你見我是個女孩,便決絕轉身,消失在無盡的夜幕中,徒留淚流滿面的媽媽和懷中虛弱幼小的我。我想你那時的背影一定如那蕭瑟的寒風薄涼無情。
整個童年的記憶中除了你的冷漠與憤怒,便是一片荒蕪。我們似乎沒有過任何親昵,淡漠疏遠得就像毫不相干的陌生人。隨著弟弟的降生,我們之間的距離便像一條無法逾越的鴻溝,令人望而止步,甚至我們在街頭偶遇,擦肩而過時彼此都依舊面無表情。你從來不會參加我的家長會,不會過問我的學習,不會管我什么該做什么不該做。每當看到同齡的孩子與自己的父親說說笑笑,一種說不出的失落在心底慢慢扎根,只感覺自己像在風中搖曳無依的蘆葦,無人問津。憂傷便像點在宣紙上的濃墨,不可抑制地一圈圈暈染開來。
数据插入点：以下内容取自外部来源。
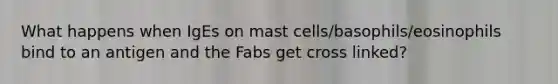 What happens when IgEs on mast cells/basophils/eosinophils bind to an antigen and the Fabs get cross linked?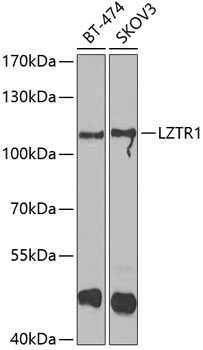 Western blot - LZTR1 Polyclonal Antibody 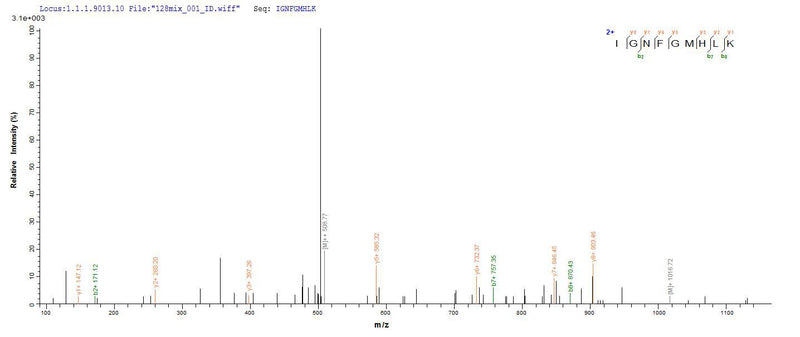 Based on the SEQUEST from database of E.coli host and target protein, the LC-MS/MS Analysis result of this product could indicate that this peptide derived from E.coli-expressed Homo sapiens (Human) TRAF6.Recombinant Human Tnf Receptor-Associated Factor 6 (TRAF6) Protein (His-SUMO)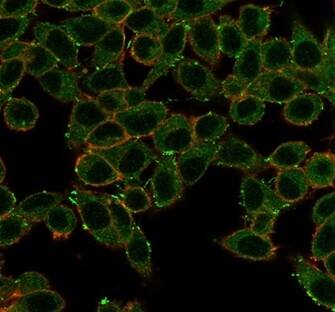 Immunofluorescence Analysis of PFA-fixed HeLa cells stained using ERK2 Antibody (PCRP-MAPK1-1D1) - Azide and BSA Free (PCRP-MAPK1-1D1)followed by goat anti-mouse IgG-CF488. Membrane stained with phalloidin.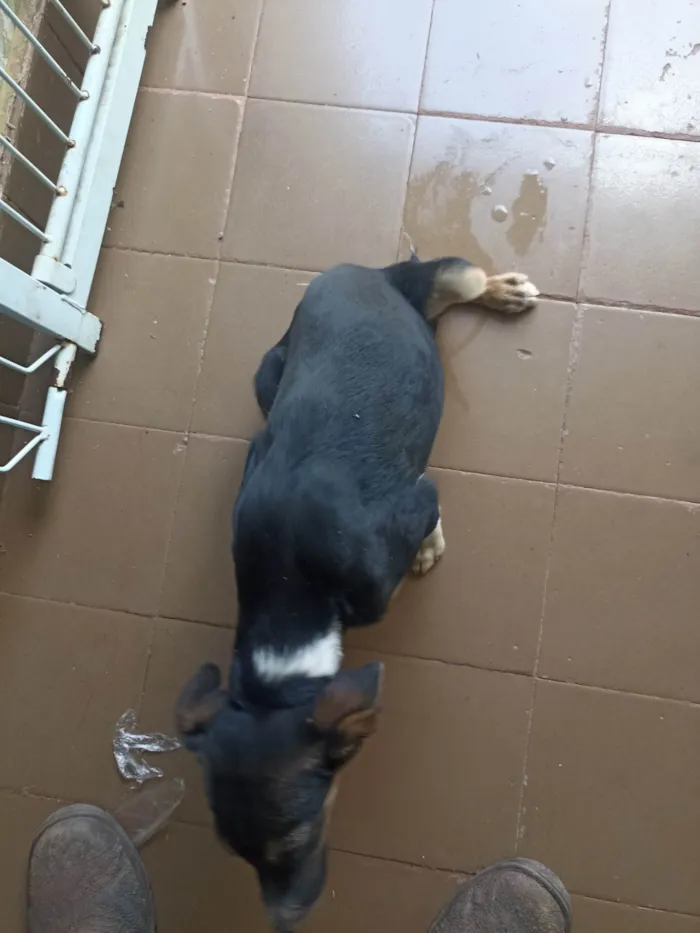 Cachorro ra a SRD-ViraLata idade 2 a 6 meses nome Laika e luk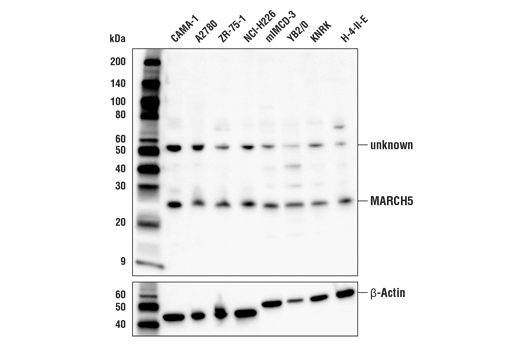 MARCH5 Antibody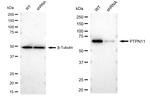 SHP2 Antibody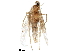  ( - BIOUG02500-F03)  @11 [ ] CreativeCommons - Attribution (2018) CBG Photography Group Centre for Biodiversity Genomics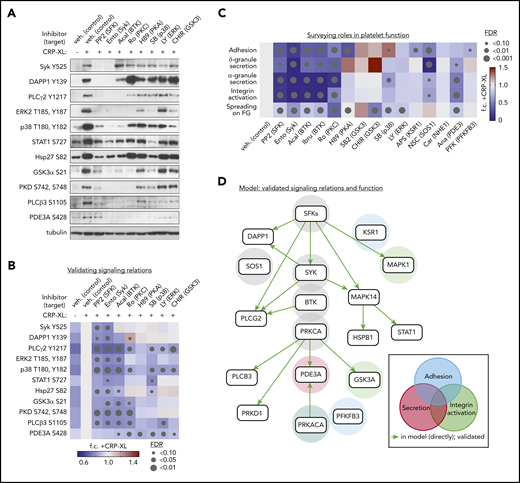 Validation of platelet GPVI signaling relations and functional responses. (A) Replicate samples (n = 3) of washed human platelets (5 × 108/mL) were incubated with inhibitors (10 μM, unless noted) against Src family kinases SFKs (PP2), Syk (entospletinib), BTK (acalabrutinib), PKCα (Ro 31-8220), PKA (H89), p38 (SB202190, 2 μM), ERK1/2 (LY3214996), and GSK3 (CHIR 99021). After stimulation with CRP-XL (10 μg/mL, 37°C, 5 minutes), lysates were examined by western blot for phosphorylation of sites of interest (see supplemental Table 3 for additional details regarding inhibitor specificities). (B) Quantitative summary of effects of inhibitors on site-specific phosphorylation as determined by western blot above. Color legend indicates fold-change (f.c.) relative to +CRP-XL condition. Gray dots indicate false discovery rate (FDR) by size relative to +CRP-XL condition. (C) Summary of effects of pathway node and effector inhibition on GPVI-mediated platelet adhesion, ADP secretion, α-granule secretion, and integrin activation, as well as platelet spreading on fibrinogen (supplemental Figure 14). (D) Summary of validated platelet GPVI signaling relations in platelet function following from biochemical and physiological experiments previous. From all combinations of inhibitor-antibody pairs, 16 of 22 inferred relations were directly validated (green arrows). Other validated pairs can also be explained by a multistep path in the inferred model (supplemental Figure 15). Shaded circles indicate supporting experimental evidence for specific pathway nodes in GPVI-mediated platelet adhesion (blue), secretion (red), and integrin activation (green), and combinations thereof, colored according to function (gray = associated with all functions tested).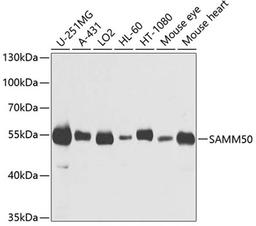 Western blot - SAMM50 antibody (A3401)
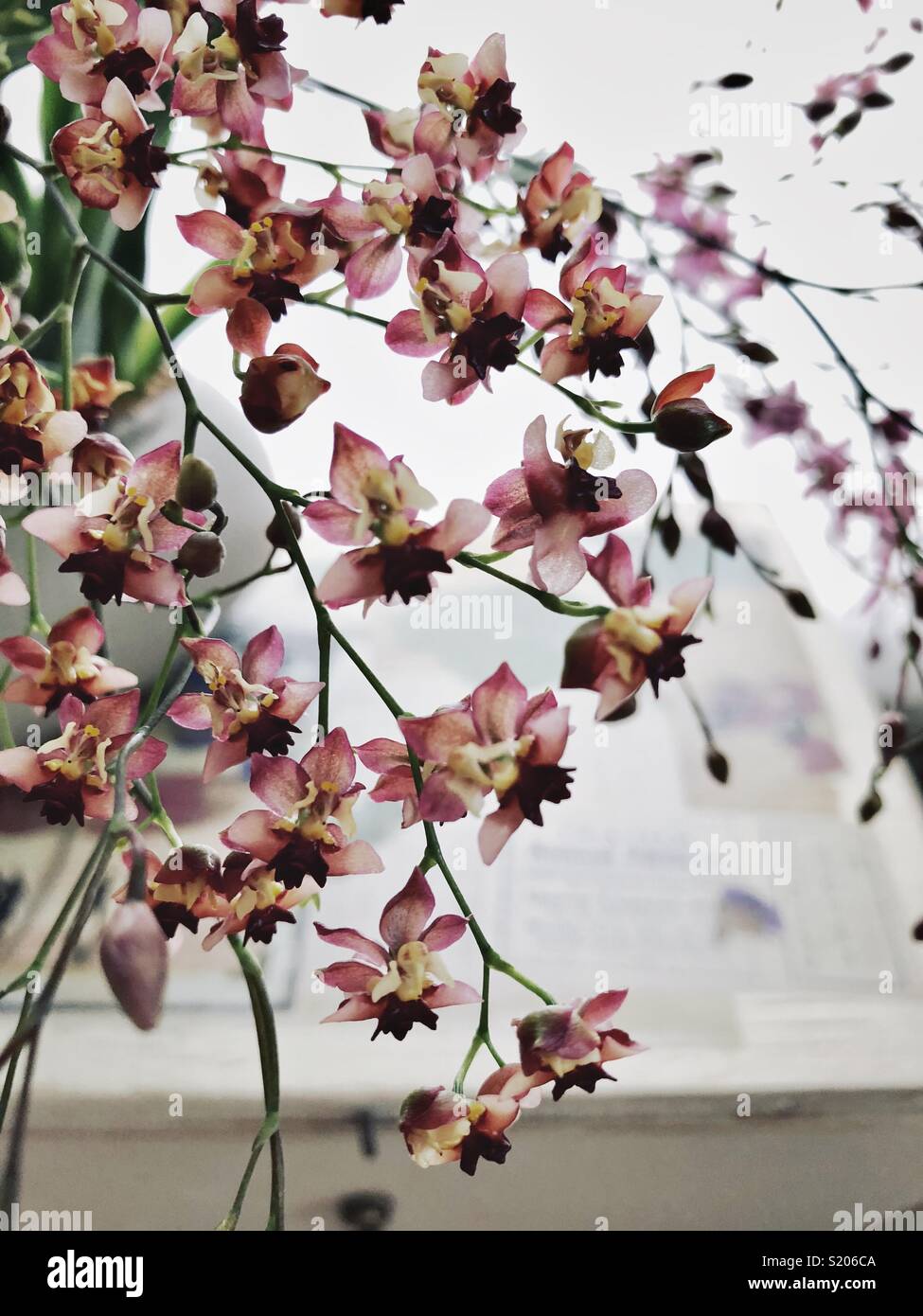 Nahaufnahme von Orchideen - Smartphone-aufgenommenes Stockfoto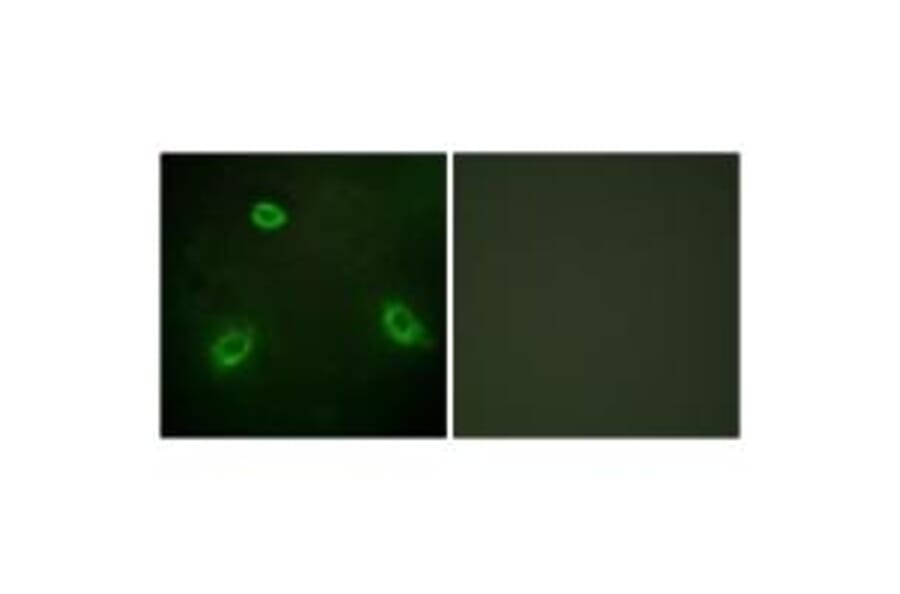 Immunofluorescence - TM16G Antibody from Signalway Antibody (33935) - Antibodies.com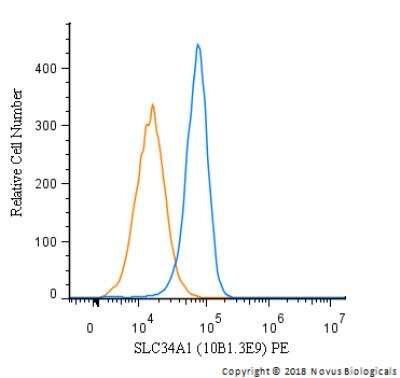 Flow Cytometry: SLC34A1 Antibody (10B1.3E9) - BSA Free [NBP2-42216]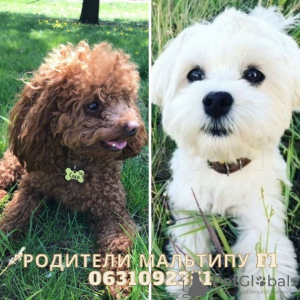 Additional photos: Puppies MALTIPOO F1. Unique genes. Reservation.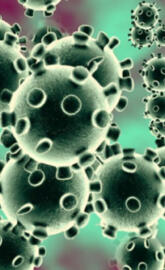 coronavirus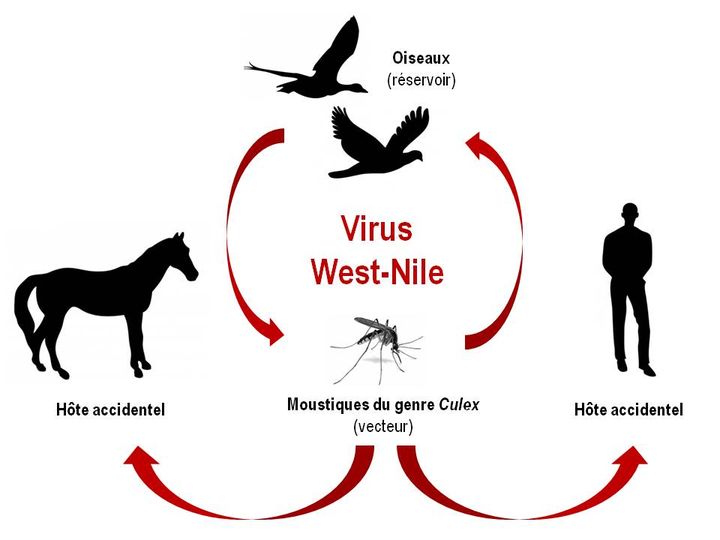 virus-west-nile-ars-moustiques-aout-2024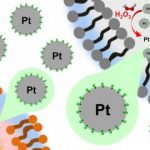 Study: Platinum nanoparticles for selective treatment of liver cancer cells — (Details)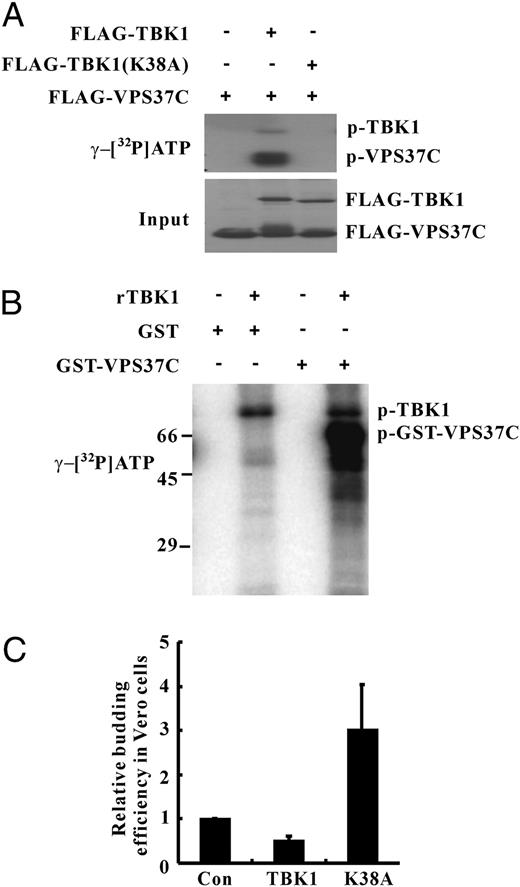 FIGURE 7. TBK1 dampens viral budding possibly by phosphorylating VPS37C. A, TBK1 phosphorylated VPS37C. Falg-tagged VPS37C, TBK1, or TBK1(K38A) was each immunoabsorbed to M2 agarose beads after transiently transfecting pCMV-Flag-VPS37C, pCMV-Flag-TBK1, or pCMV-Flag-TBK1(K38A) in 293T cells separately. Kinase assays were performed by mixing up bead-bound VPS37C and TBK1 or TBK1-K38A in the presence of γ-[32P]ATP (top panel). Protein input levels were verified by immunoblotting (bottom panel). B, Recombinant TBK1 phosphorylated GST-VPS37C. In vitro kinase assays were performed by mixing recombinant GST or GST-VPS37C with recombinant human TBK1 in the presence of γ-[32P]ATP. Phosphorylated proteins were separated by SDS-PAGE and scanned with a PhosphorImager. Data were representative of three independent experiments (A, B). C, Overexpressed TBK1(K38A) could increase HIV-1 pseudovirus budding. HIV-1 pseudovirus budding was assessed in Vero cells in the presence of cotransfected pECFP-TBK1 or pECFP-TBK1 (K38A), as in Fig. 4A. Data were average of six independent experiments (mean ± SD).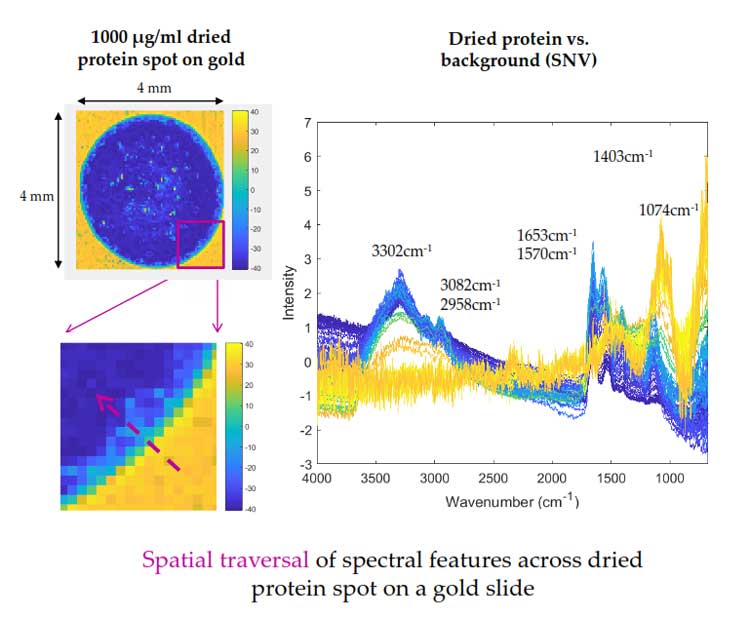 Illustration of Spatial traversal of spectral features across dried protein spot on a gold slide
即便缺少你的關愛,我依然在長大。對你,也不再只有懼怕,開始有意無意向你挑釁,把對你隱約的恨發揮得淋漓盡致,而你從開始的咆哮到后來的沉默哀傷,我其實全部看到,只是那時的我有的卻只是一種勝利的喜悅。時間吹紅了櫻桃,染綠了芭蕉,卻沒有吹近我們的疏離。
于是我們之間戰爭的爆發便變成了一種必然,怨恨不滿累積到一定程度所欠缺的便只是一根導火線。你的一個耳光即便是失手,也足以引燃積壓了十二年的所有。……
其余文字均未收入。